Overcoming the price barrier was the biggest breakthrough, but it wasn’t sufficient for electric vehicles to become, as Agassi
called it, the “Car 2.0” that would replace the transportation model introduced by Henry Ford almost a century ago. A five-minute
fill-up will last a gas car three hundred miles. How, Ghosn wondered, can an electric car compete with that?

Agassi’s solution was infrastructure: wire thousands of parking spots, build battery swap stations, and coordinate it all
over a new “smart grid.” In most cases, charging the car at home and the office would easily be enough to get you through
the day. On longer drives, you could pull into a swap station and be off with a fully charged battery in the time it takes
to fill a tank of gas. He’d recruited a former Israeli army general—a man skilled at managing complex military logistics—to
become the company’s local Israeli
CEO
and lead the planning for the grid and the national network of charging/parking spots.

The key to the model would be that consumers would own their cars, but Agassi’s start-up, called Better Place, would own the
batteries. “Here’s how it works,” he later explained. “Think cell phones. You go to a cell provider. If you want, you can
pay full price for a phone and make no commitment. But most people commit for two or three years and get a subsidized or free
phone. They end up paying for the phone as they pay for their minutes of air time.”
3

Electric vehicles, Agassi explained, could work the same way: Better Place would be like a cellular provider. You would walk
in to a car dealer, sign up for a plan based on miles instead of minutes, and get an electric car. But the buyer wouldn’t
own the car battery; Better Place would. So the company could spread the cost of the battery—and the car, too—over four or
more years. For the price consumers are used to paying each month for gas, they could pay for the battery and the electricity
needed to run it. “You get to go completely green for less than it costs to buy and run a gas car,” Agassi said.

Agassi picked up where Peres had left off on another question: Why start with Israel, of all places? The first reason was
size, he told Ghosn. Israel was the perfect “beta” country for electric cars. Not only was it small but, due to the hostility
of its neighbors, it was a sealed “transportation island.” Because Israelis could not drive beyond their national borders,
their driving distances were always within one of the world’s smallest national spaces. This limited the number of battery
swap stations Better Place would have to build in the early phase. By isolating Israel, Agassi told us with an impish smile,
Israel’s adversaries had actually created the perfect laboratory to test ideas.

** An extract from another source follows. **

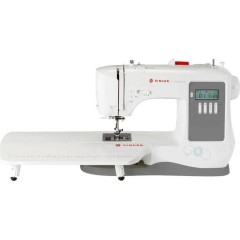 Швейна машинка комп'ютеризована Singer Confidence 7640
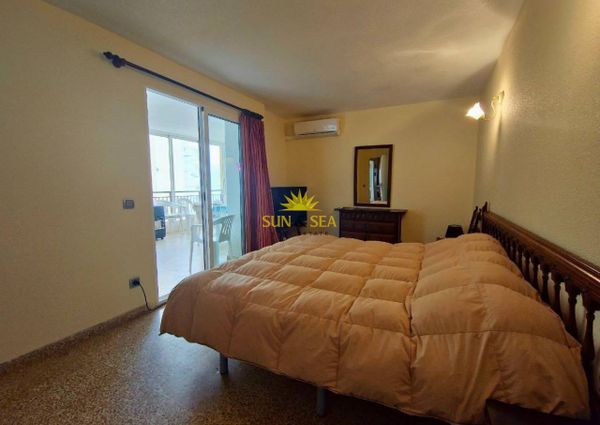 2 BEDROOM APARTMENT FOR RENT - TORREVIEJA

Second, Israelis understand not only the financial and environmental costs of being dependent on oil but also the security
costs of pumping money into the coffers of less-than-savory regimes. Third, Israelis are natural early adopters—they were
recently number one in the world in time spent on the Internet and have a cell phone penetration of 125 percent, meaning lots
of people have more than one.

No less importantly, Agassi knew that in Israel he would find the resources he needed to tackle the tricky software challenge
of creating a “smart grid” that could direct cars to open charging spots and manage the charging of millions of cars without
overloading the system. Israel, the country with the highest concentration of engineers and research and development spending
in the world, was a natural place to attempt this. Agassi actually wanted to go even further. After all, if Intel could mass-produce
its most sophisticated chips in Israel, why couldn’t Renault-Nissan build cars there? Ghosn’s response was that it would work
only if they could produce at least fifty thousand cars a year. Peres didn’t blink, and committed to an annual production
of one hundred thousand cars. Ghosn was on board, provided Peres could make good on his promise.

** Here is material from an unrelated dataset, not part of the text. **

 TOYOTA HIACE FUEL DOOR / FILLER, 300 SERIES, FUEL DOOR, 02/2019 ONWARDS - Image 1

Agassi was caught between three possible commitments. He needed a country, a car company, and the money, but to get any one
of them he first needed the other two. For example, when Peres and Agassi had gone to then prime minister Ehud Olmert to secure
his commitment to make Israel the first country to free itself from oil, the premier had set two conditions: Agassi had to
sign on a top-five carmaker and raise the $200 million needed to develop the smart grid, turning half a million parking spaces
into charging spots, and building swap stations. Now Agassi had the carmaker, and it was time to fulfill Olmert’s second condition:
money.

Still, Agassi had heard enough to believe that his idea could take off. Stunning the tech world, he quit his job at
SAP
to found Better Place. (It took four conversations to convince the
SAP
management that he was serious about quitting.)

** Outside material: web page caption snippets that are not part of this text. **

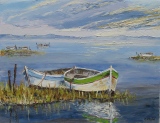 n°06.  Les Barques - Tableaux  de  Provence 2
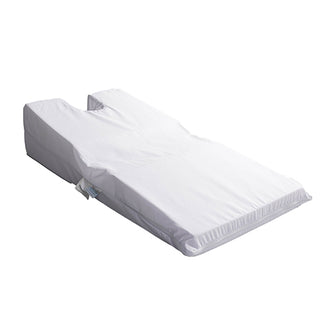 Almohada boca abajo Poliespuma 14 X 29 X 6 -1.5 Blanco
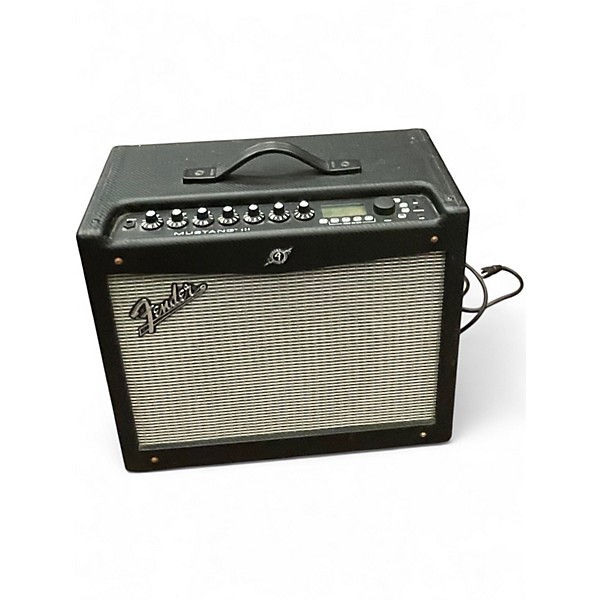 Used Fender Rumble 25 25W 1x10 Bass Combo Amp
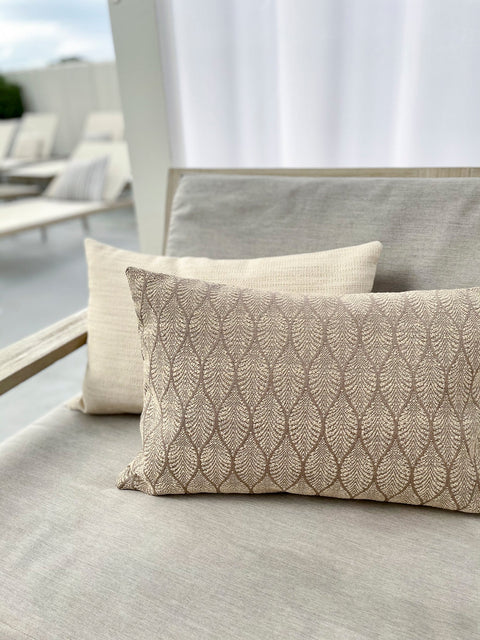 Anaya Outdoor Living & Garden Contemporary Accent Throw Pillow - 14 x 20 - 20 x 20 - 24 x 24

But investors around the globe were not jumping at a plan that involved reimagining some of the largest, most powerful industries
in the world: cars, oil, and electricity. Plus, since the cars were useless without the infrastructure, the charging grid
would have to be developed and deployed
before
the cars were released in significant numbers. That meant spending most of the $200 million to wire the entire country up
front—an enormous capital expenditure that would make investors’ heads spin. Ever since the tech bubble had burst in 2000,
venture capitalists were much less venturesome; no one wanted to spend tons of money up front, well before the first dollar
of revenue showed up.

Except for one investor, that is—Israeli billionaire Idan Ofer, who had just made the largest ever Israeli investment in China
by buying a major stake in the Chinese car manufacturer Chery Automobile. Six months before, Ofer had also bought an oil refinery.
So he knew a thing or two about the auto and oil industries. When Mike Granoff, an early American investor in Better Place,
suggested tapping Ofer, Agassi said, “Why would he help me put him out of his two newest businesses?” But Agassi had nothing
to lose.

Forty-five minutes into their meeting, Ofer told Agassi he was in for $100 million. He later increased his stake by another
$30 million and told his Chinese auto team he wanted it to build electric cars.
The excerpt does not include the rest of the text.